The Poisson Distribution function

The numpy.random.poisson function is used to draw samples from a Poisson distribution. It takes a $\lambda$ parameter as well as a size for the number of samples.

numpy.random.poisson(lam=1.0, size=None) The Poisson distribution is the limit of the binomial distribution for large N.


The Poisson distribution, named after French mathematician Siméon Denis Poisson, is a discrete probability distribution that expresses the probability of a given number of events occurring in a fixed interval of time or space if these events occur with a known constant rate and independently of the time since the last event. The Poisson distribution can also be used for the number of events in other specified intervals such as distance, area or volume.
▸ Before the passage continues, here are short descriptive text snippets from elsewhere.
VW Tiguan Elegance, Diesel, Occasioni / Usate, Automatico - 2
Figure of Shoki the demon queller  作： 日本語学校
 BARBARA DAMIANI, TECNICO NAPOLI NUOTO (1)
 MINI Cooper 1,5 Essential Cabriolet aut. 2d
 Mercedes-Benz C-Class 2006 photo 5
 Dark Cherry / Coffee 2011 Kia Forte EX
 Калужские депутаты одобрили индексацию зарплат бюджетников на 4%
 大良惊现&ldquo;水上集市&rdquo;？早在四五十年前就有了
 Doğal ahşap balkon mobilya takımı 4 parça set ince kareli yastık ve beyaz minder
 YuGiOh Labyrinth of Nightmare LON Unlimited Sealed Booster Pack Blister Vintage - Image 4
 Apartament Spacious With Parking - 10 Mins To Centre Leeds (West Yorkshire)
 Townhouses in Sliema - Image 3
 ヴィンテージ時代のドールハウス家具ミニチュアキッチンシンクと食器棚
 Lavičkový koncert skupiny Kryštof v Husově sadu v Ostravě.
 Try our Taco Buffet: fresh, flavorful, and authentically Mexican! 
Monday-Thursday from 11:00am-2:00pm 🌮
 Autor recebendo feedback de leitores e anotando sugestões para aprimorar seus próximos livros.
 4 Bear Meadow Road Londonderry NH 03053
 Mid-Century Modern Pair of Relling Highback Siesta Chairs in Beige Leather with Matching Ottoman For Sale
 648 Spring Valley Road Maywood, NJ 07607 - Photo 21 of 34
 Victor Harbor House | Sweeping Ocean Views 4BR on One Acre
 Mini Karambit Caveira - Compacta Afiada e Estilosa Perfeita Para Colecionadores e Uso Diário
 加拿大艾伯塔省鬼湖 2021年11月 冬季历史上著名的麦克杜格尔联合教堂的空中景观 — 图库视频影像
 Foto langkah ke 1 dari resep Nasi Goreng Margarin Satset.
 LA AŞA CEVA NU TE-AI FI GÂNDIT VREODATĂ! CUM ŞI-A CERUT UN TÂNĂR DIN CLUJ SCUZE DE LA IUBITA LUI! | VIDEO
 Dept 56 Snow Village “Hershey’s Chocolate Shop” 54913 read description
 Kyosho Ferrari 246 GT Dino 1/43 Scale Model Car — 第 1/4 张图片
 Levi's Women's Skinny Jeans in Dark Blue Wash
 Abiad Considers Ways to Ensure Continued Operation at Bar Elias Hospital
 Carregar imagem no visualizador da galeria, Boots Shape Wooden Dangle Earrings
It was originally developed in France in the 1830's to look at the pattern of wrongful convictions in a year. A poisson distribution gives the probability of a number of events in an interval generated by a Poisson process which is a model for describing randomly occuring events. It is defined by the rate parameter, $\lambda$, which is the expected number of events in the interval.

A poisson random variable can be used to model the number of times an event happened in a time interval. A poisson distribution is the probability distribution of independent occurences of an event in an interval. It can be used for finding the probability of a number of events in a time period, or the probability of waiting some time until the next event occurs. When you know how often an event has occurred then you can it to predict the probability of such events happening.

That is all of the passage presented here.